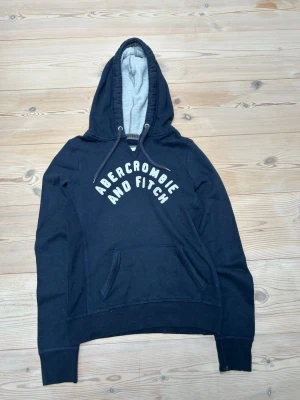 Abercrombie & Fitch hoodie  - Säljer denna Abercrombie & Fitch hoodien, den är i fint skick och det är en S men sitter som XS/S.   Hör av er vid minsta lilla fråga! Pris ej hugget i sten!  Kolla min profil för mer liknande plagg 😊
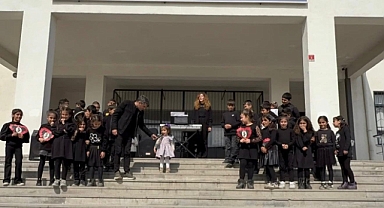 Iğdır’da 3 Yaşındaki Küçük Kızdan Duygulandıran İstiklal Marşı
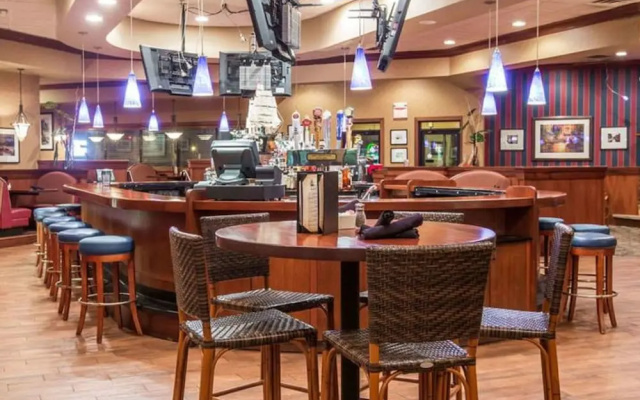 Ramada by Wyndham Sioux Falls Arpt & Suites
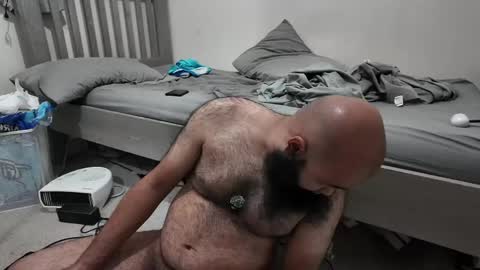 naughtyfuzzy69 online show from July 21, 2:24 am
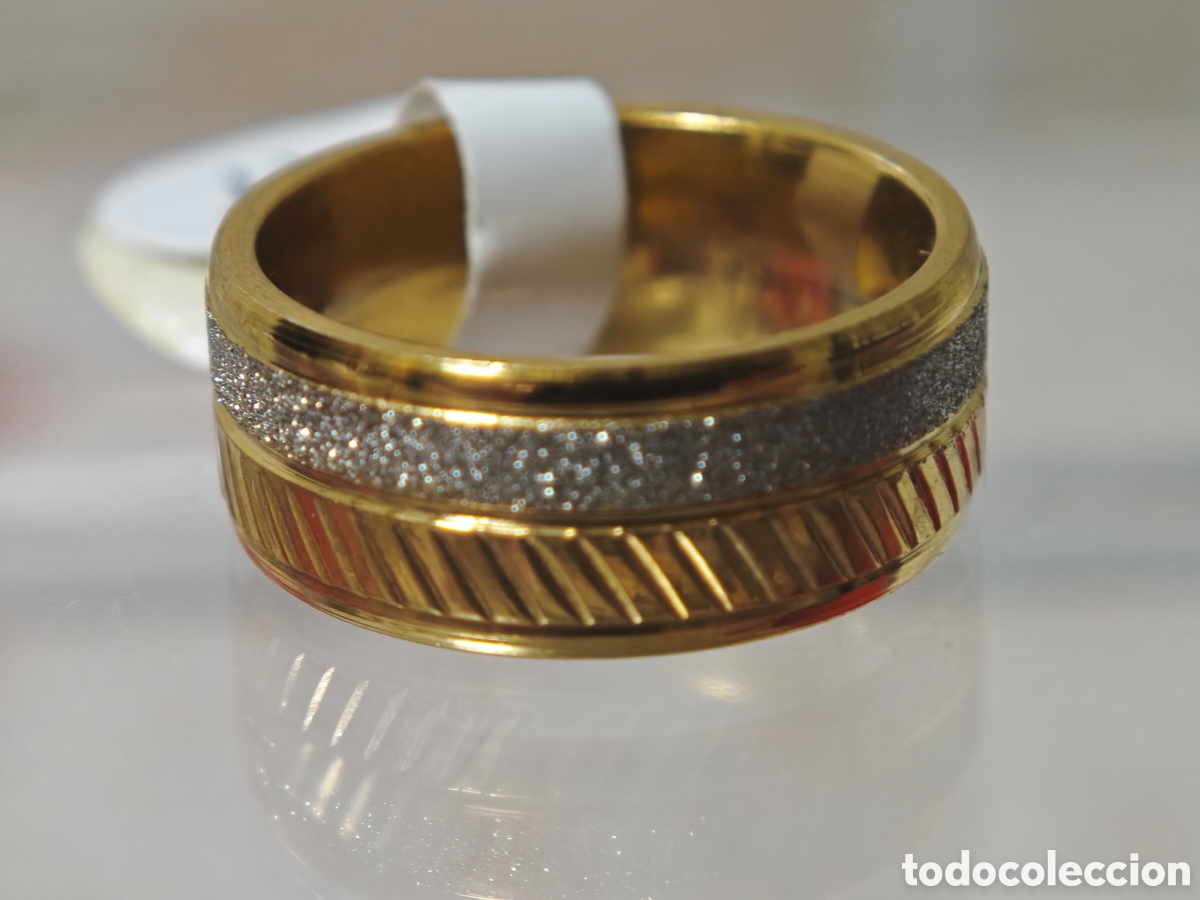 Joyeria: Anillo de acero inoxidable con ba&ntilde;o de oro - Foto 4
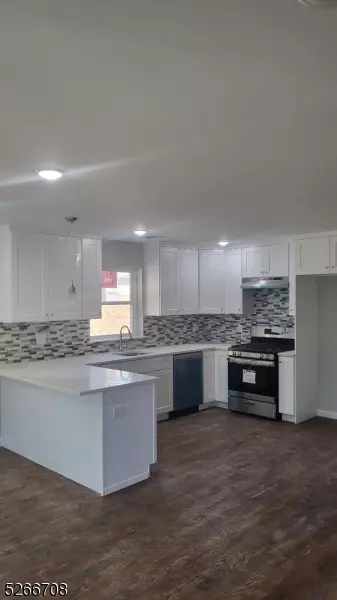 224 S 6th St, Newark, NJ 07103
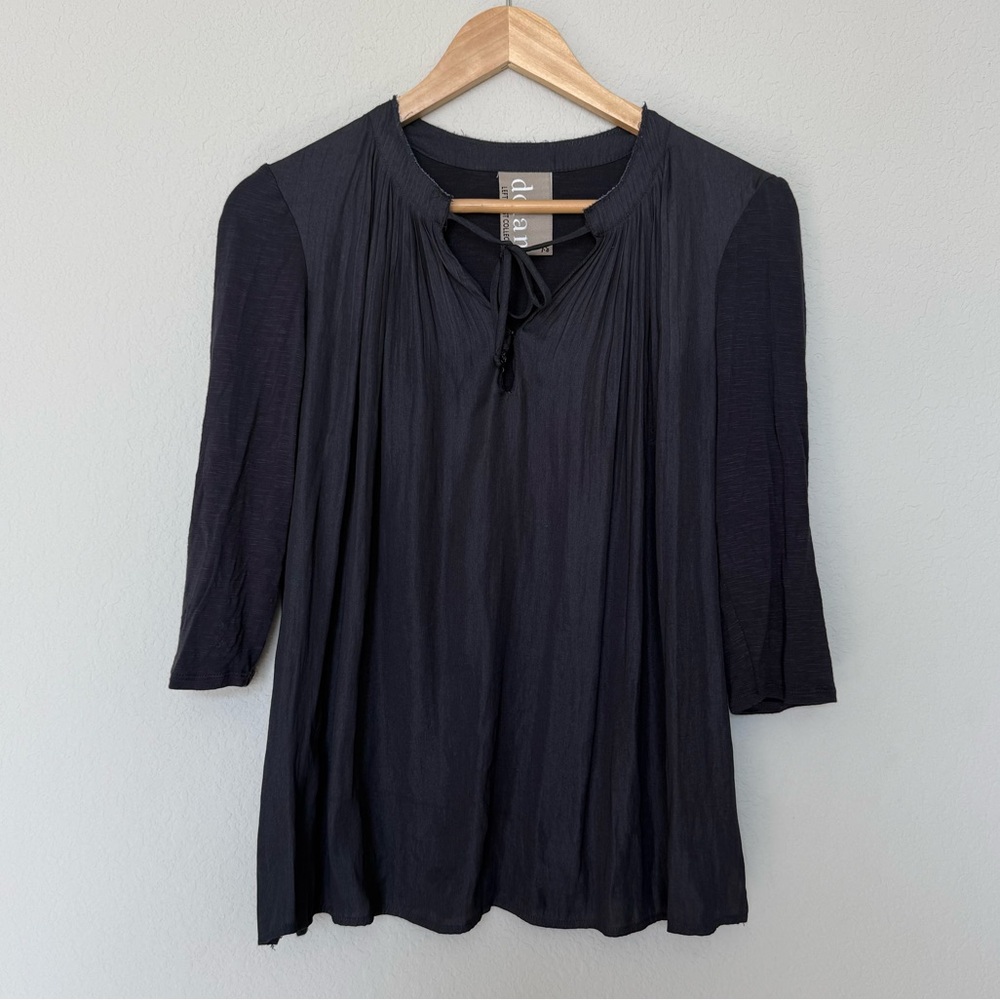 Anthropologie Dolan Lucille Raw Hem Pleated Neck Peasant Top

# Assigned task
Return all of the records above exactly as written. Omit each picture.

# Exercise response
 Abercrombie & Fitch hoodie  - Säljer denna Abercrombie & Fitch hoodien, den är i fint skick och det är en S men sitter som XS/S.   Hör av er vid minsta lilla fråga! Pris ej hugget i sten!  Kolla min profil för mer liknande plagg 😊
 Iğdır’da 3 Yaşındaki Küçük Kızdan Duygulandıran İstiklal Marşı
 Ramada by Wyndham Sioux Falls Arpt & Suites
 naughtyfuzzy69 online show from July 21, 2:24 am
 Joyeria: Anillo de acero inoxidable con ba&ntilde;o de oro - Foto 4
 224 S 6th St, Newark, NJ 07103
 Anthropologie Dolan Lucille Raw Hem Pleated Neck Peasant Top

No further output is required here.